Environment variables
| Variable | Used for |
|---|---|
CCRAWL_DATA_DIR |
Root data directory (overrides the default ~/data/ccrawl) |
CCRAWL_LIBRARY |
Dataset library root (overrides the default ~/notes/ccrawl) |
CCRAWL_CACHE_DIR |
Cache directory (overrides the default under the data dir) |
Global flags
| Flag | Default | Meaning |
|---|---|---|
-c, --crawl |
latest |
Crawl ID, a year, or latest/all |
-o, --output |
auto | table, json, jsonl, csv, tsv, url, raw |
-n, --limit |
0 |
Maximum results; 0 is unlimited |
-j, --workers |
per command | Concurrency for downloads and scans |
--source |
https |
Bulk data source: https or s3 |
--rate |
200ms |
Minimum delay between requests, to stay polite |
--retries |
5 |
Retry attempts on 429 and 5xx |
--timeout |
2m |
Per-request timeout |
--no-cache |
off | Bypass the on-disk cache for this run |
--data-dir |
~/data/ccrawl |
Root data directory |
--library |
off | Read and write under the dataset library |
--library-dir |
~/notes/ccrawl |
Dataset library root |
--fields |
all | Comma-separated columns to show |
--template |
none | Go text/template applied per row |
--no-header |
off | Omit the header row in table/csv output |
--color |
auto | auto, always, or never |
-q, --quiet |
off | Suppress progress output |
-v, --verbose |
off | Increase verbosity (repeatable) |
--dry-run |
off | Print actions without performing them |
Output auto-detection
The default output format adapts to where it is going: an aligned table when
the output is a terminal, JSONL when it is piped.

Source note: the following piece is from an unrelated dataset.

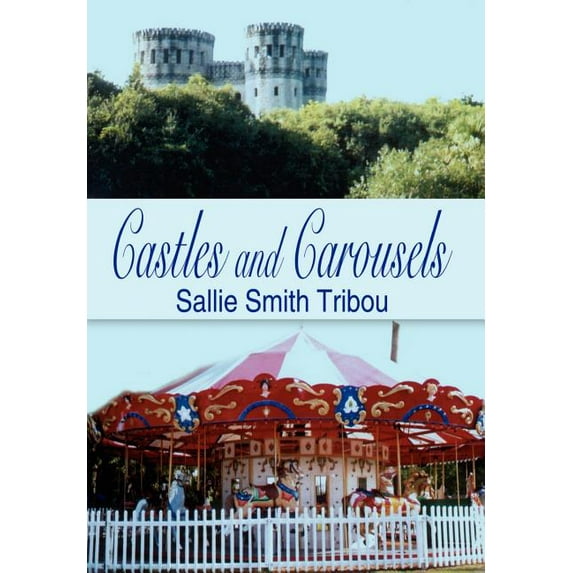 Castles and Carousels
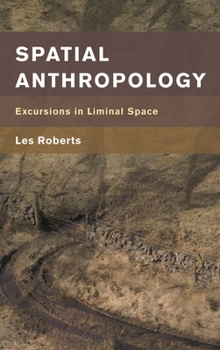 Paperback Spatial Anthropology: Excursions in Liminal Space Book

That keeps interactive use
readable and scripted use parseable without you setting -o either time. See
output formats for the full set.
Caching and politeness
ccrawl caches small index responses and manifests on disk so repeated commands
do not re-fetch them. --rate keeps a minimum gap between requests so a busy
session stays a good citizen against the public data. cache info, cache dir, and cache clear manage the cache.